# AUTObiography: Olympic allroad



## [email protected] (Apr 9, 2004)

Next... Greig Fahnlander's super rare Sprint Blue olympic allroad.
* Full Story *


----------



## THE STEVE (Jul 21, 2005)

Thats pretty cool... 
I really want a White allroad... Did audi make this?


----------



## sieben (Nov 23, 2002)

*Re: AUTObiography: Olympic allroad ([email protected])*

I came across one of these FS at a local BMW dealer and I didn't realize they were so rare. But for the tiptronic, I might have bought it.


----------



## [email protected] (Apr 9, 2004)

*Re: AUTObiography: Olympic allroad (sieben)*


_Quote, originally posted by *sieben* »_I came across one of these FS at a local BMW dealer and I didn't realize they were so rare.

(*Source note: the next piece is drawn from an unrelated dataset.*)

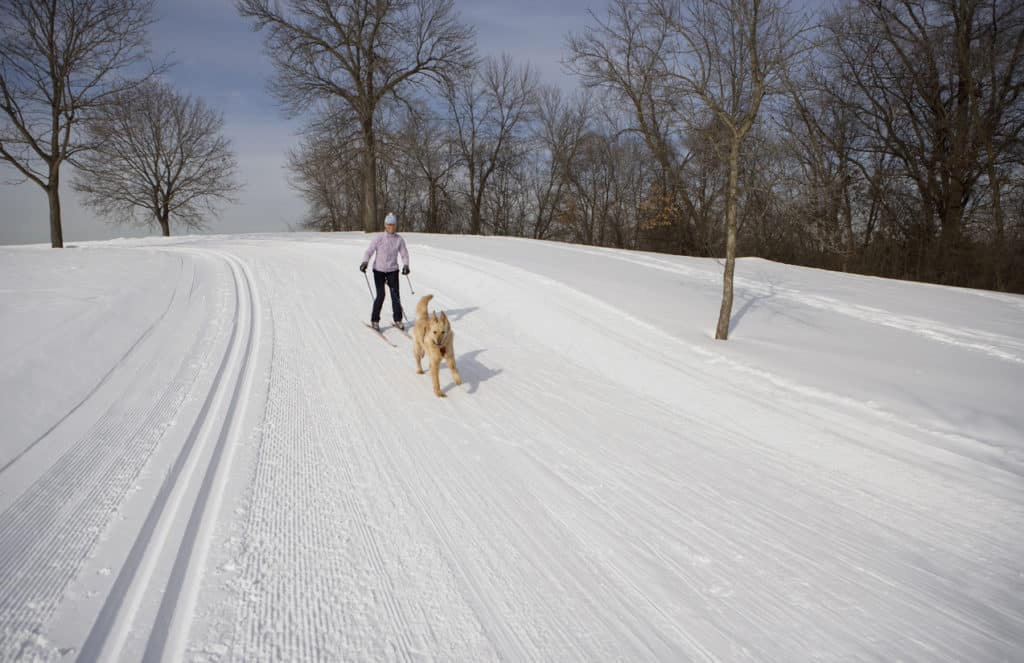 top-rated campgrounds in Minnesota - Skijoring in Minnesota.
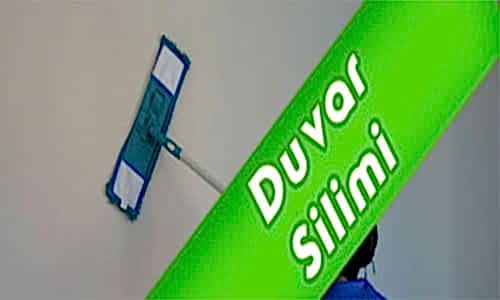 Duvar Silimi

But for the tiptronic, I might have bought it.

I wonder if they did any 6-speeds.


----------



## [email protected] (Apr 9, 2004)

*Re: (THE STEVE)*


_Quote, originally posted by *THE STEVE* »_Thats pretty cool... 
I really want a White allroad... Did audi make this?

Likely not unless it was special ordered.


----------



## k2allroad (Aug 7, 2005)

*Re: AUTObiography: Olympic allroad ([email protected])*

no 6 speeds.......all with tip.


----------



## [email protected] (Apr 9, 2004)

*Re: AUTObiography: Olympic allroad (k2allroad)*

Apparently olympians don't row their own gears.


----------